17. An image forming apparatus, comprising:

an image bearing member;

a charger adapted to uniformly charge a surface of the image bearing member, the charger including: a charging roller being in contact with a surface of the image bearing member, the charging roller being rotatable; a charging roller cleaning member being in uniform contact with the charging roller in a longitudinal direction; and a cleaning member moving device adapted to reciprocate the charging roller cleaning member in a direction orthogonal to the longitudinal direction of the charging roller while keeping the charging roller cleaning member in contact with the charging roller;

an irradiator adapted to irradiate the charged surface of the image bearing member to form an electrostatic latent image thereon;

a developing device adapted to develop the electrostatic latent image into a toner image with toner particles;

a transfer device adapted to transfer the toner image from the image bearing member onto a recording medium or an intermediate transfer medium; and

a cleaner adapted to remove residual toner particles remaining on the image bearing member without being transferred.

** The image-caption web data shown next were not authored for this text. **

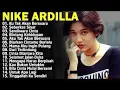 Download Lagu Kenangan manis bersama Nike ardila  full... Enjoy!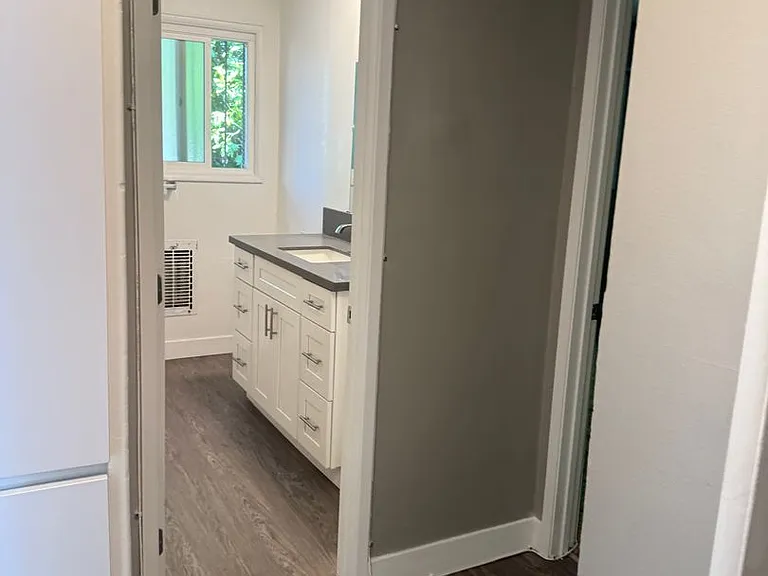 4066 Coco Ave — Photo 6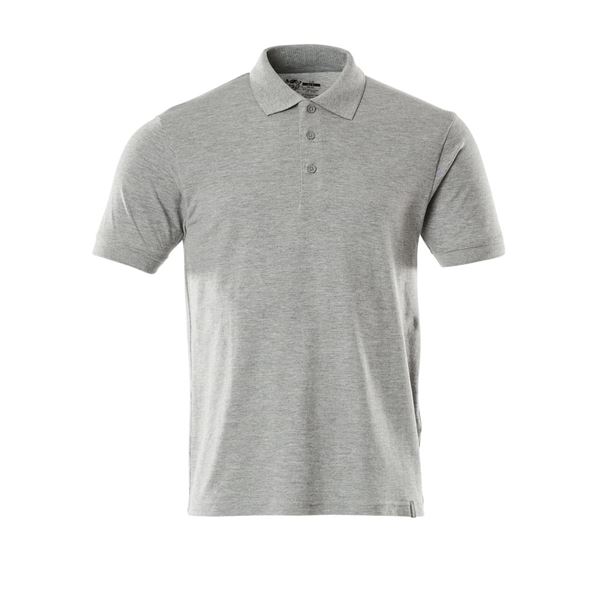 Mascot 20683 Organic Cotton Polo shirt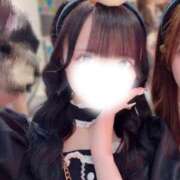 ヒメ日記 2026/10/06 22:11 投稿 みるく★天然F乳ロリカワJD★ Chloe錦糸町店 S級素人清楚系デリヘル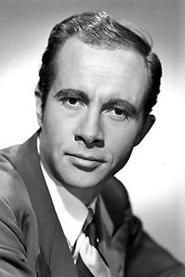 Photo of Murvyn Vye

18. The image forming apparatus according to claim 17,

wherein the charging roller cleaning member includes: a cleaning member being in contact with a surface of the charging roller; a support member supporting the cleaning member; and a biasing member adapted to bias the charging roller cleaning member in a direction orthogonal to the longitudinal direction of the charging roller while keeping the charging roller cleaning member in contact with the charging roller,

wherein the cleaning member moving device includes: a cam being disposed on at least one end of the charging roller, the cam being integrally rotatable with the charging roller and in continuous contact with the charging roller cleaning member, and

wherein the charging roller cleaning member is moved in an opposite direction to the direction of biasing of the biasing member when the charging roller rotates.

19. The image forming apparatus according to claim 17,

wherein the charging roller cleaning member includes: a cleaning member being in contact with a surface of the charging roller,; a support member supporting the cleaning member; and a biasing member adapted to bias the charging roller cleaning member in a direction orthogonal to the longitudinal direction of the charging roller while keeping the charging roller cleaning member in contact with the charging roller,

wherein the cleaning member moving device includes: a driving motor having an output shaft; and a cam being disposed on at least one end of the output shaft, the cam being integrally rotatable with the output shaft while being in continuous contact with the charging roller cleaning member, and

wherein the charging roller cleaning member is moved in an opposite direction to the direction of biasing of the biasing member when the output shaft rotates.

20. The image forming apparatus according to claim 17,

wherein the charging roller cleaning member includes: a cleaning member being in contact with a surface of the charging roller; a support member supporting the cleaning member; and a gear,

wherein the cleaning member moving device includes: a driving motor having an output shaft; and a driving gear being disposed on at least one end of the output shaft, the driving gear being integrally rotatable with the output shaft in either a positive or negative direction while fitting into the gear, and

wherein the charging roller cleaning member is moved in a direction orthogonal to the longitudinal direction of the charging roller while keeping in contact with the charging roller when the output shaft rotates.